The same dynamic played out again this past year when CPS proposed to build a new high school in Englewood to replace four high schools that were under-enrolled and in poor condition. At public hearings, Englewood communities members turned out in large numbersto tell their neighborhood’s history and their personal stories as evidence that these schools should not be closed, but rather, given new investments of resources and support. In February, the CPS Board voted to immediately close one of the high schools and phase out the other three while a new Englewood high school is built.
So in Jackson’s call to use the GoCPS data as a “single source of truth” in discussion with communities, I see the past beginning to replay itself. One set of data about which high schools some families prefer is being preemptively positioned as the “truth” on par with, if not more true, than CPS’ long history of racism and the urgent voices of community members who know their neighborhoods best. This isn’t an issue of semantics, but instead, a question of who we will truly listen to and what kinds of evidence will we be persuaded by when it comes time to reckon with our district’s fundamental problems.

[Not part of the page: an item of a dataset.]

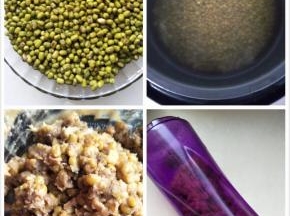 放入电饭锅煮饭健，煮好的绿豆放入料理机加少许水搅拌打碎。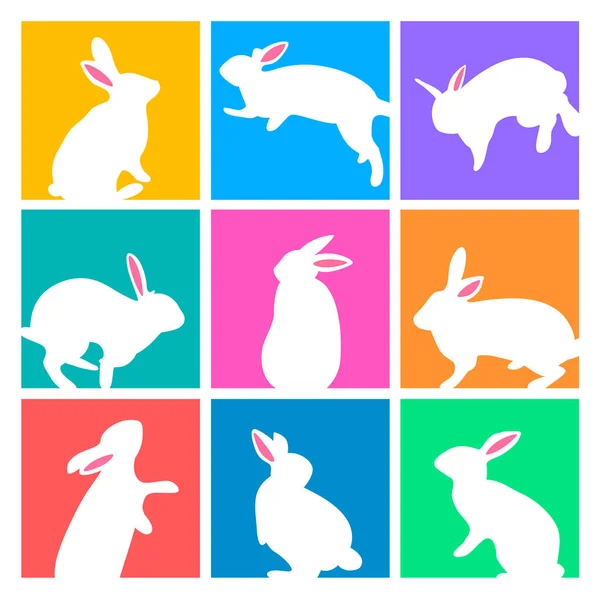 Conjunto Siluetas Conejo Blanco Cuadrados Coloridos Concepto Diseño Día Pascua — Vector de stock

It is these fundamental problems that demand our attention more so than any tinkering towards minor improvements. When CPS initiated GoCPS, it was indicating that it thinks the current high school system is basically adequate and that it primarily requires greater facilitation of parent choice to help identify and address issues. This ignores the basic, foundational problems of our inequitable system. What we need is a broad public forum on difficult questions at CPS’ core: What kind of school system do we want for Chicago? How can we create an equitable, anti-racist system? How can we sustainably resource such a system? How will we ultimately define its success?